The works in Drew Tal’s new show “Silent Worlds,” which opens on May 11 at Turner Carroll Gallery, focus on the faces of children.
“There is an innocence in children but also a kind of underlying depth, judgment-free wisdom and fearless attitude that I find challenging and inspiring,” explains Tal, an Israeli-born artist who divides his time between living in Florida and the south of France.
“Silent Worlds” was inspired by a trip to the Forbidden City, a walled city within the city of Beijing, China. It features around a dozen large photographs layered with texture and pattern which were created through a process that Tal says is both laborious and artistically satisfying.
“The Forbidden City is a massive complex of palatial architecture that I found extremely fascinating,” he adds. “As I was wandering around the hundreds of impressive palaces and structures, I couldn’t help imagine what life was like behind these walls. I especially wondered what it was like for the children. The series of portraits I created zooms in on these sheltered children; some dressed in the finest of silks, some posed behind windows, all staring into the viewer’s eyes.”
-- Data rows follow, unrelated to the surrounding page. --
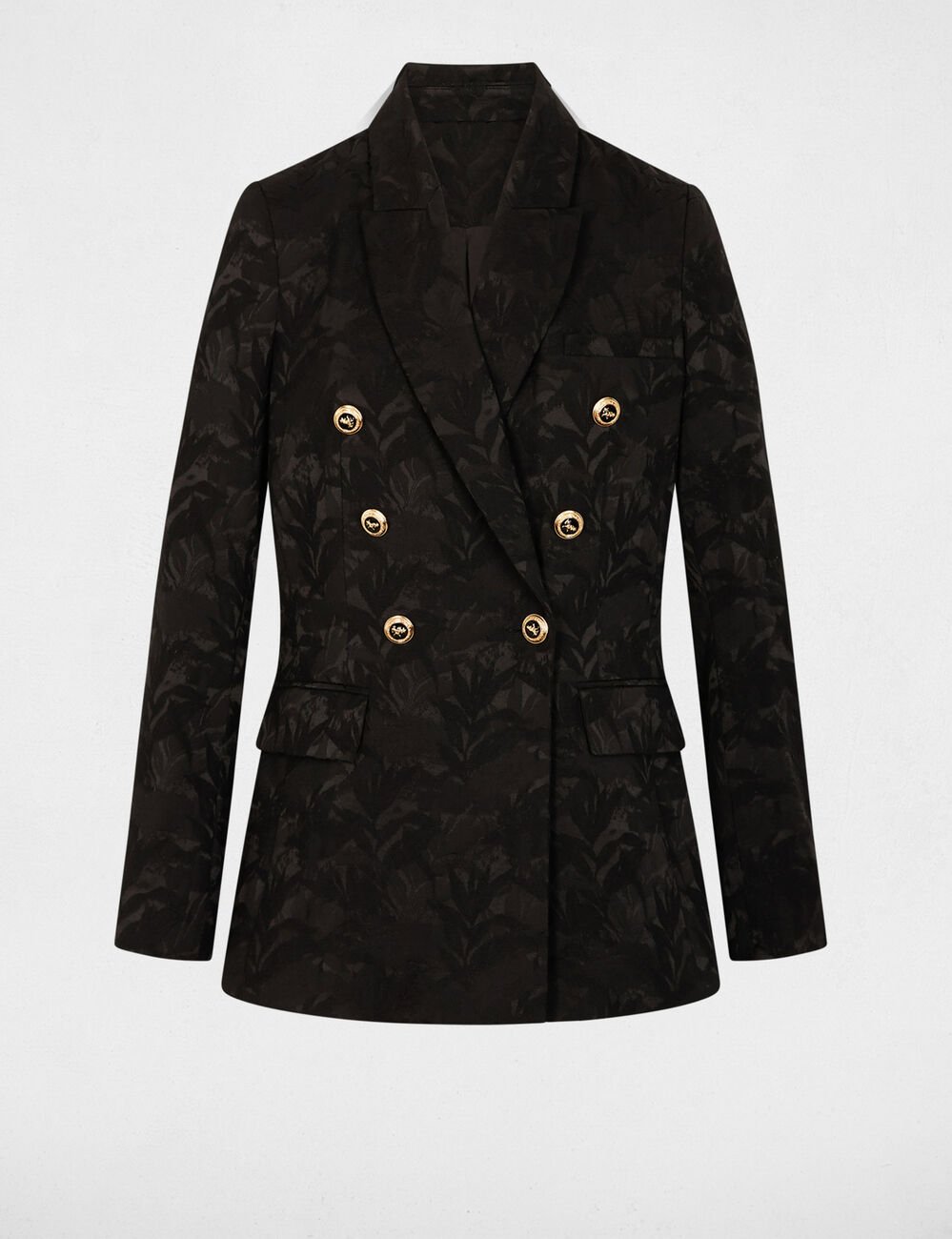 veste jacquard ajustee noir femme zwart vrouw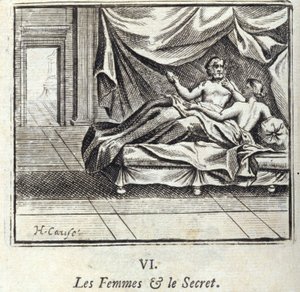 Frauen und Geheimnisse. Fabeln von Jean de La Fontaine. Illustration von François Chauveau. Ausgabe von 1728. von Francois Chauveau
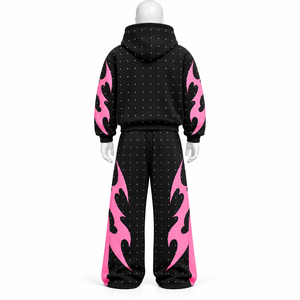 Conjunto Deportivo de Invierno para Hombre de Alta Calidad con Diseño de Llamas Personalizado, 100% Algodón Transpirable, en Venta - Product Image 5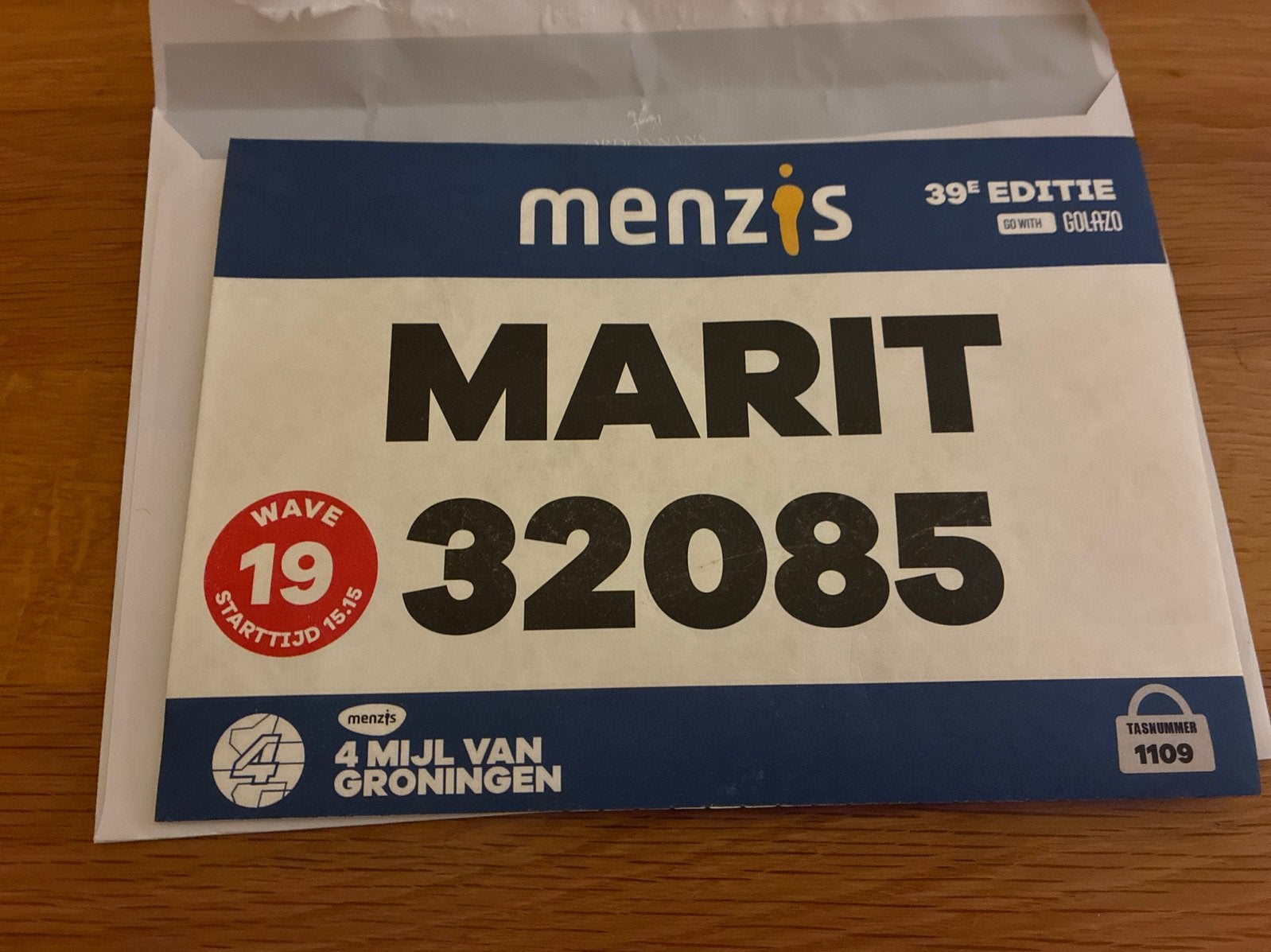 Startnummer 4 mijl Groningen wave 19, Cd's en Dvd's, Ophalen, Zo goed als nieuw, 1 bandje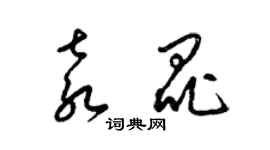 梁錦英袁昆草書個性簽名怎么寫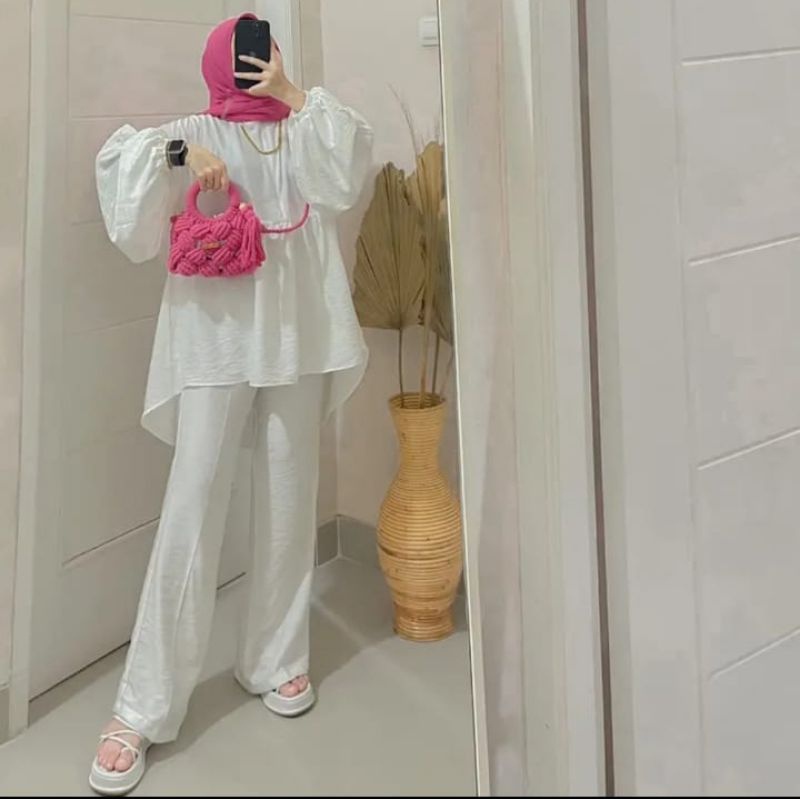 Beca One Set Setelan Cutbray Lengan Balon Pololinen setcel wanita remaja kemeja dan celana terbaru kekinian korean style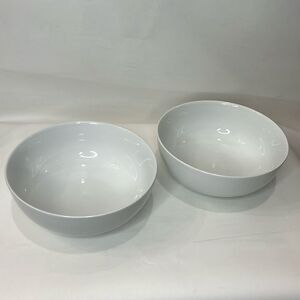 BIA Cordon Bleu Bowls 24 Oz Each Set Of 2  White Porcelain Micro Oven Dishwasher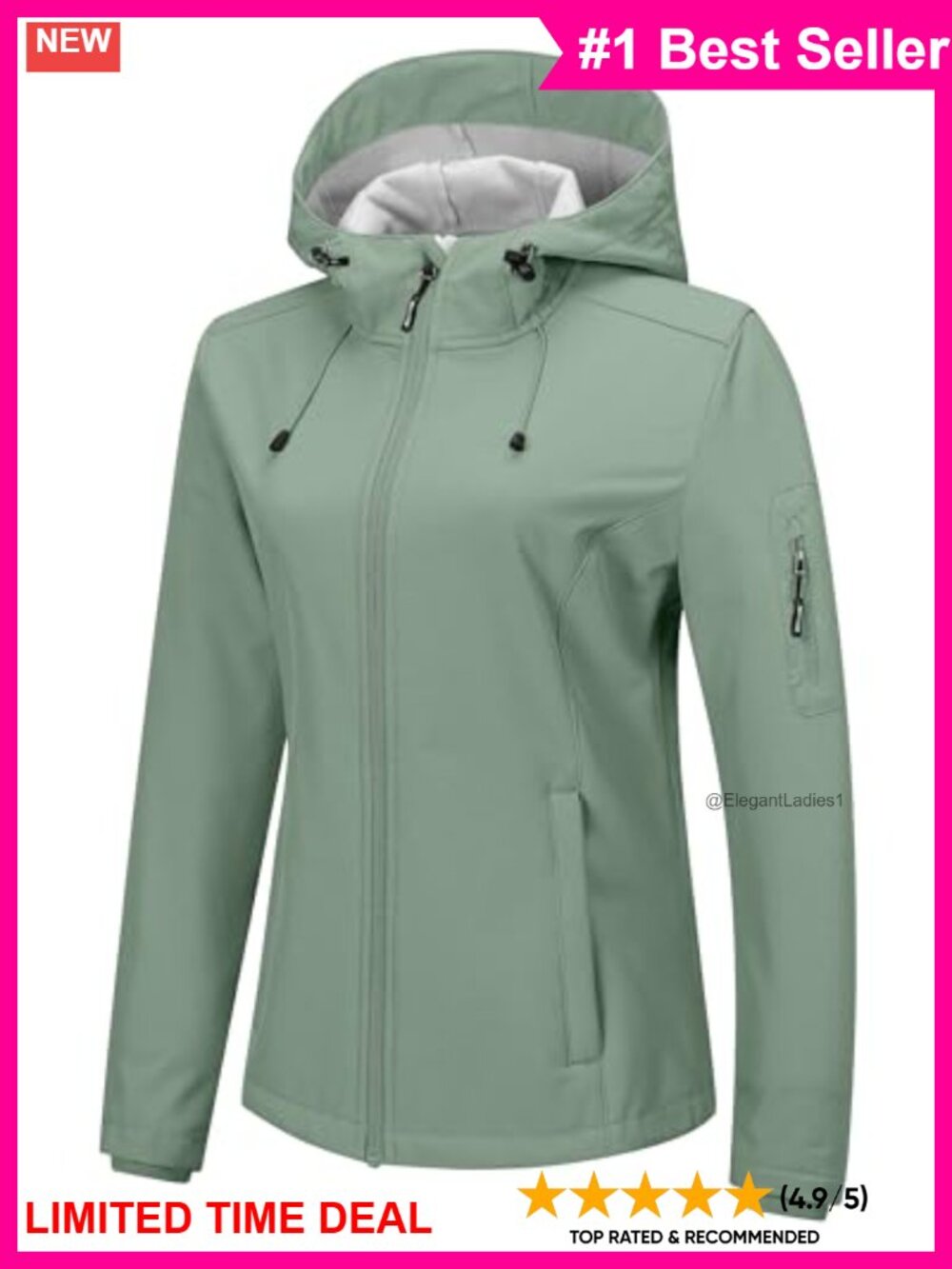 Women's Softshell Jacket Fleece Lined Waterproof Windproof Hooded Rain Coat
Traveling, whether it’s to the remote Sahara desert, walled Medieval cities in Italy, the fjords in Norway, the Great Barrier Reef off the coast of Australia or Medieval hilltop villages in France, has been an integral part of Tal’s personal and professional life for decades. Each journey, he says, has brought with it a fresh need to create.
“I am now and have always been very visual and therefore inspired and artistically stimulated by a great many different things,” Tal explains. “Typically, it is a face that will inspire me to begin a new piece, but I am also constantly inspired by old walls, trees, clouds, fabrics, nature and textures of all kinds.”